Car celà doit venir de ton mac et non du trackpad.


----------



## Triello (27 Mai 2011)

iMydna a dit:


> Car celà doit venir de ton mac et non du trackpad.



Sans doute, et ça m'inquiète


----------



## supergrec (27 Mai 2011)

Si tu es en wifi essaye de changer le canal de ta box.
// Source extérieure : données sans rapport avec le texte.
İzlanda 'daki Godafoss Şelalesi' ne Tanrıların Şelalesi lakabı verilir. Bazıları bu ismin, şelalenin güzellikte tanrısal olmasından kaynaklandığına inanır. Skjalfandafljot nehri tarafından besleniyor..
Il y a de nombreuse interférence entre le bluetooth et airport wifi.


----------



## herszk (27 Mai 2011)

Installe bettertouchtool, ça va peut-être régler ton problème (sans garantie).
BTT est un outil qui ajoute des fonctions à la magigtrackpad.


----------



## Triello (27 Mai 2011)

Désormais j'ai une dette auprès de Supergrec&#8230;

J'ai changé le canal wifi de ma Bbox et on dirait bien que ça remarche pour le trackpad !

Je vous tiens informés pour vous dire si ça marche dans la durée.


----------



## supergrec (27 Mai 2011)

Triello a dit:


> Désormais j'ai une dette auprès de Supergrec



Pour combler ta dette, un imac 27" m'irai bien.

Plus sérieusement, c'est avec plaisir que je tes aidé.


----------



## Triello (28 Mai 2011)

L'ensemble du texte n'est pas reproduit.